::: Provided records :::

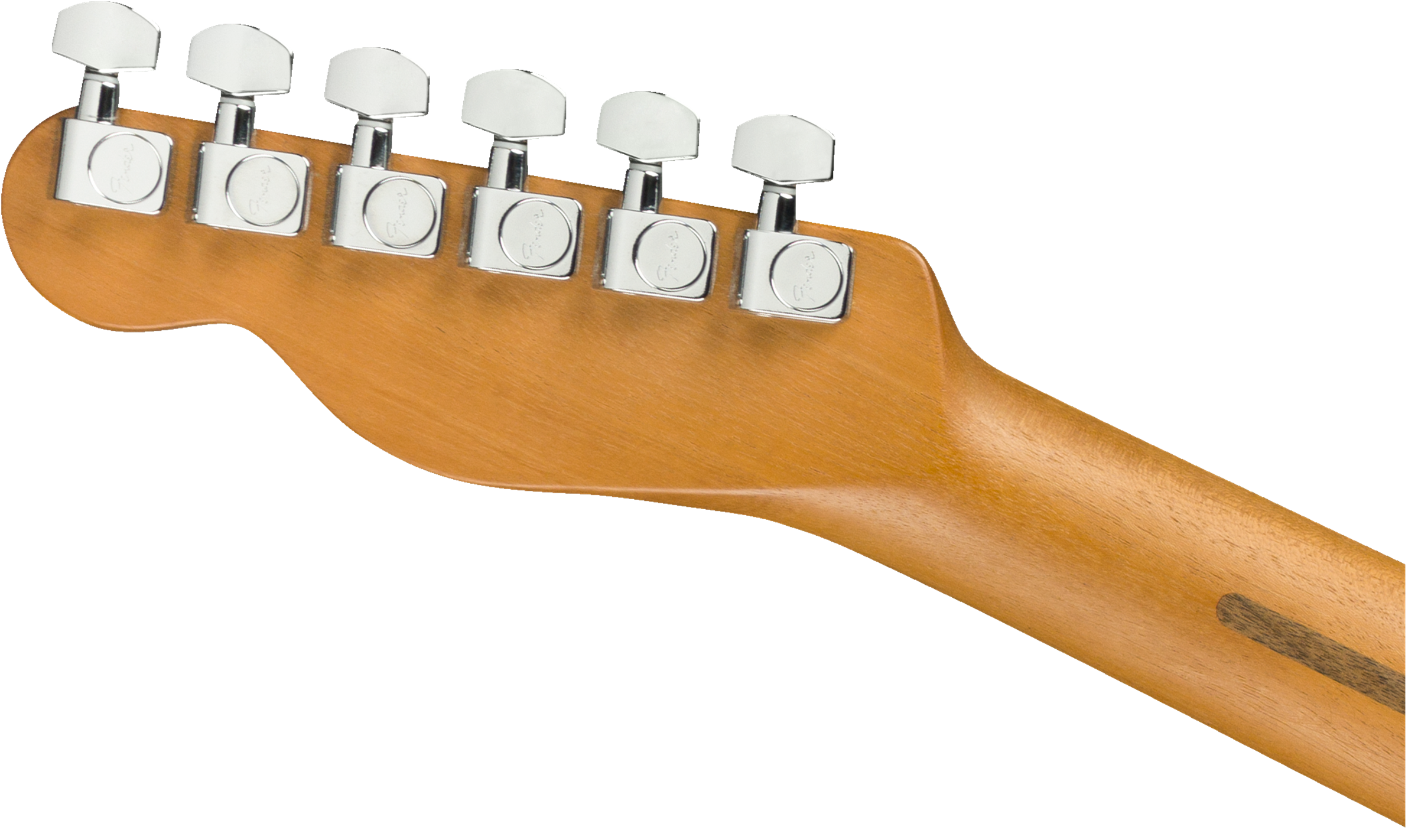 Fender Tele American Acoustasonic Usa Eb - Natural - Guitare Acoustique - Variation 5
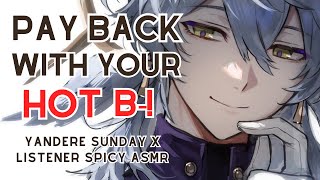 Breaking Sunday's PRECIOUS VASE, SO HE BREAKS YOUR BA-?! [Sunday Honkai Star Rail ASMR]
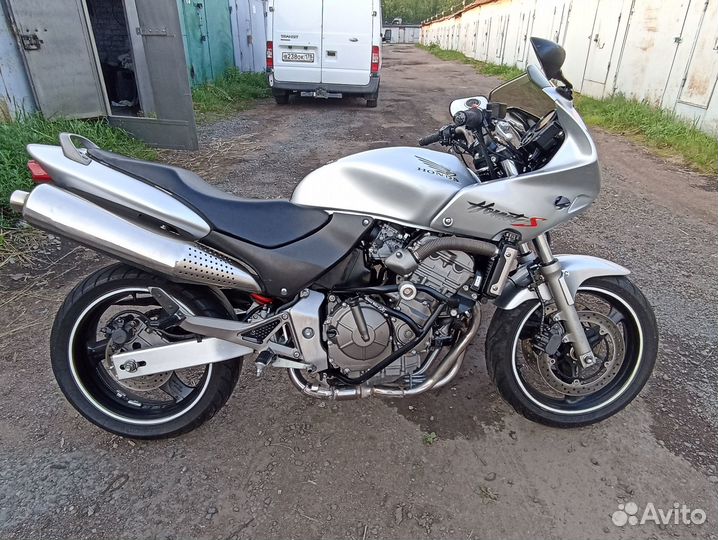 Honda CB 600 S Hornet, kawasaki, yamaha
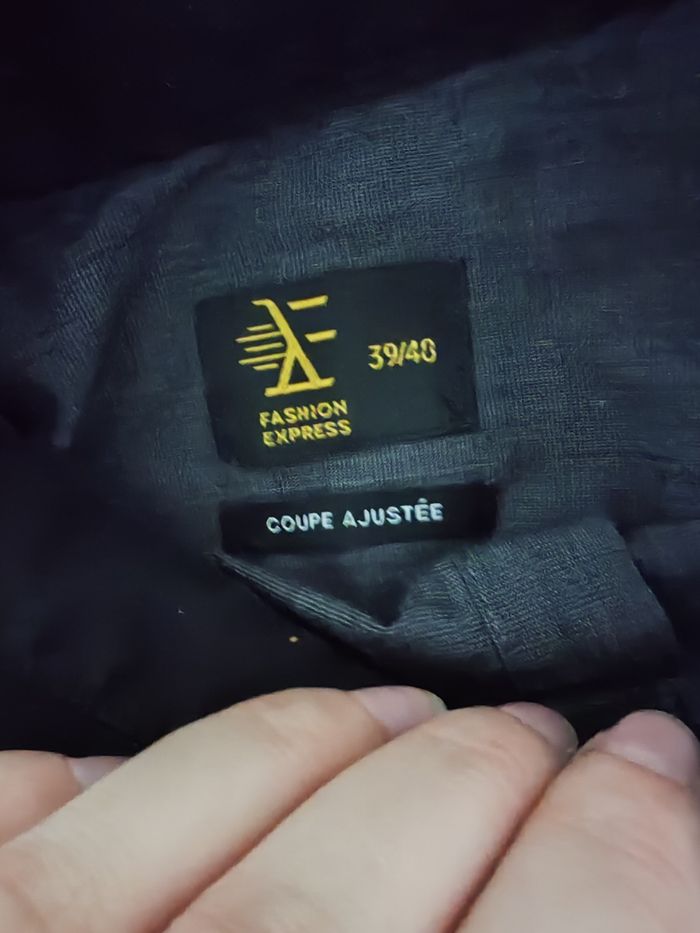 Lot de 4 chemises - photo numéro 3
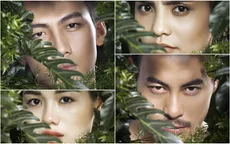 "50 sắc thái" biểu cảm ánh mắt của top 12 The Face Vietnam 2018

:::

When you transcribe the entries, reproduce each line exactly and skip any picture.

**Exercise answer:**
 Fender Tele American Acoustasonic Usa Eb - Natural - Guitare Acoustique - Variation 5
 Breaking Sunday's PRECIOUS VASE, SO HE BREAKS YOUR BA-?! [Sunday Honkai Star Rail ASMR]
 Honda CB 600 S Hornet, kawasaki, yamaha
 Lot de 4 chemises - photo numéro 3
 "50 sắc thái" biểu cảm ánh mắt của top 12 The Face Vietnam 2018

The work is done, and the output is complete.